PROBLEM DESCRIPTION: Write out exactly the lines running from the one with "7470 S Coast Highway South Beach OR 97366" to the end of the data, including both of those lines and excluding pictures.

[[ THE DATA open ]]

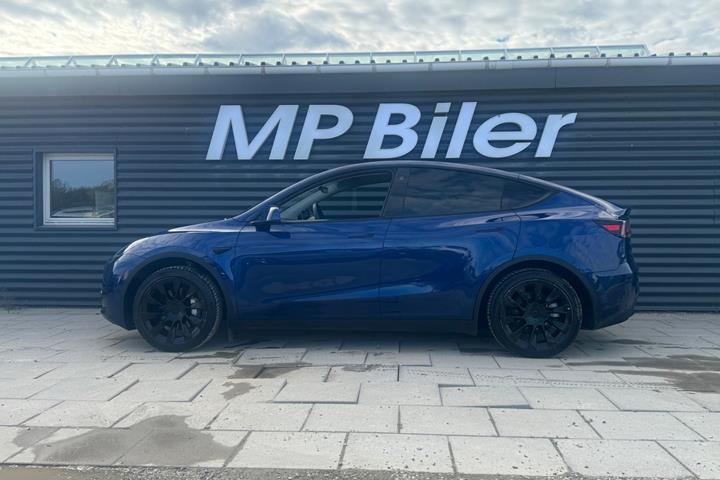 Blå Tesla Model Y fra 2024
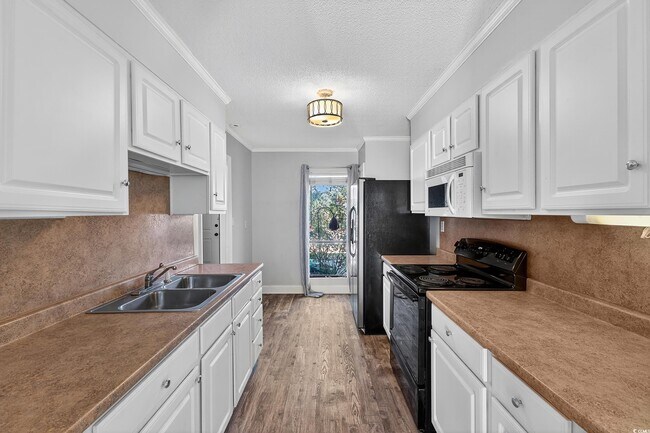 Foto del edificio - 1012 Possum Trot Rd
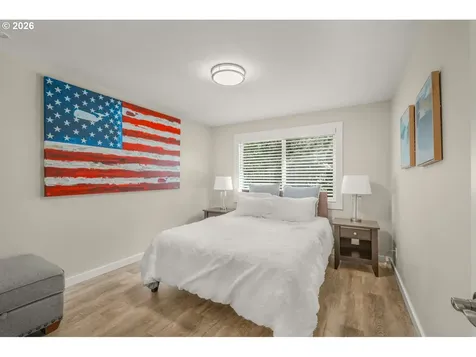 7470 S Coast Highway South Beach OR 97366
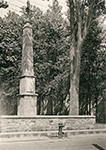 Monument de tempérance de 1843 à Sainte-Anne-de-Bellevue, avec une borne fontaine devant, photographié en 1923.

[[ THE DATA closed ]]

ANSWER SECTION:
 7470 S Coast Highway South Beach OR 97366
 Monument de tempérance de 1843 à Sainte-Anne-de-Bellevue, avec une borne fontaine devant, photographié en 1923.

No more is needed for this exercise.